To gain insights on query costs, we'll write a SQL query to retrieve data on *dropped columns* from the `snowflake.account_usage.columns` table.


In [None]:
-- Track dropped columns
SELECT
  COLUMN_ID,
  COLUMN_NAME,
  TABLE_ID,
  TABLE_NAME,
  TABLE_SCHEMA_ID,
  TABLE_SCHEMA,
  TABLE_CATALOG_ID,
  TABLE_CATALOG,
  DATA_TYPE,
  CHARACTER_MAXIMUM_LENGTH,
  DELETED
FROM 
  SNOWFLAKE.ACCOUNT_USAGE.COLUMNS
WHERE 
  DELETED >= DATEADD(days, -90, CURRENT_DATE())

In [None]:
-- Track dropped tables
SELECT
  id as table_id,
  table_name,
  table_created,
  table_dropped,
  
  table_schema_id,
  table_schema,
  schema_created,
  schema_dropped,
  
  table_catalog_id,
  table_catalog,
  catalog_created,
  catalog_dropped
FROM
  SNOWFLAKE.ACCOUNT_USAGE.TABLE_STORAGE_METRICS
WHERE
  table_dropped >= DATEADD(days, -90, CURRENT_DATE())

In [None]:
-- Track dropped databases
SELECT
  database_id,
  database_name,
  database_owner,
  created,
  last_altered,
  deleted
FROM
  SNOWFLAKE.ACCOUNT_USAGE.DATABASES
WHERE
  deleted >= DATEADD(days, -90, CURRENT_DATE())

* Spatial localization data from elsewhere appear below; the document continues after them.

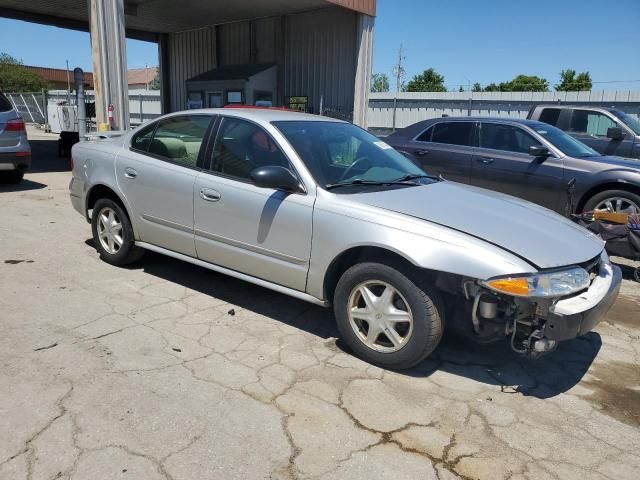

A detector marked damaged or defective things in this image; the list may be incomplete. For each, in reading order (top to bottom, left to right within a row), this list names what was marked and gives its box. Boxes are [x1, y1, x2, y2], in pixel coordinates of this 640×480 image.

cracked pavement [1, 136, 640, 480]
front end damage [442, 251, 616, 356]
cracked bumper [544, 262, 624, 342]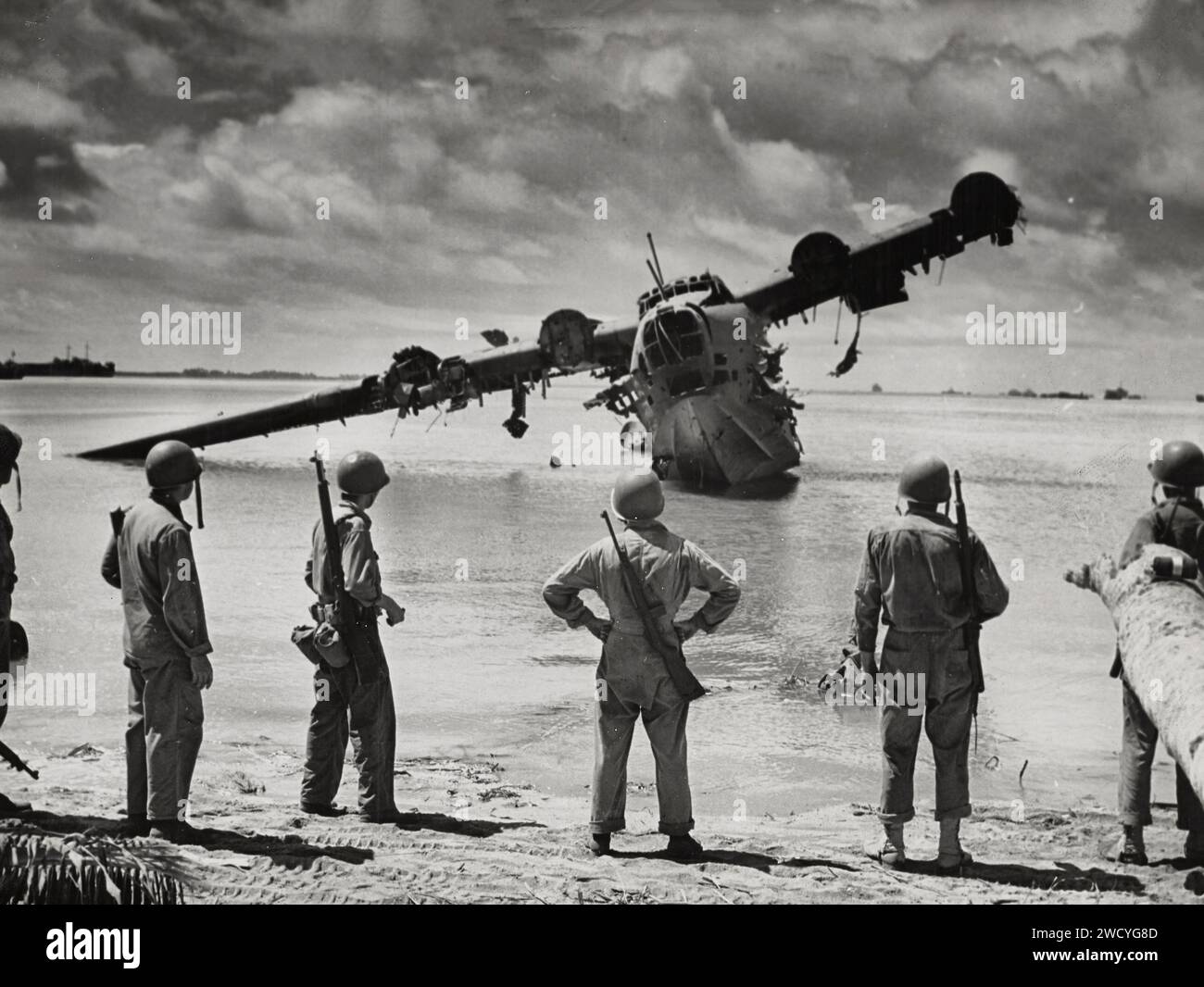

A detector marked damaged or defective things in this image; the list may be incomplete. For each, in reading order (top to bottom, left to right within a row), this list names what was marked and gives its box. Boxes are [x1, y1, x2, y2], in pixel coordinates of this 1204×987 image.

wrecked seaplane [75, 177, 1021, 488]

## 2. Convert Table to a DataFrame

Next, we'll convert the tables to a Pandas DataFrame.


In [None]:
sql_columns.to_pandas()

In [None]:
sql_tables.to_pandas()

In [None]:
sql_databases.to_pandas()

## 3. Create an Interactive Widget & Data Preparation

Here, we'll create an interactive widget for dynamically selecting the entity of interest (e.g. Column, Table, Schema, Catalog or Database). This would then trigger the filtering of the DataFrame accordingly.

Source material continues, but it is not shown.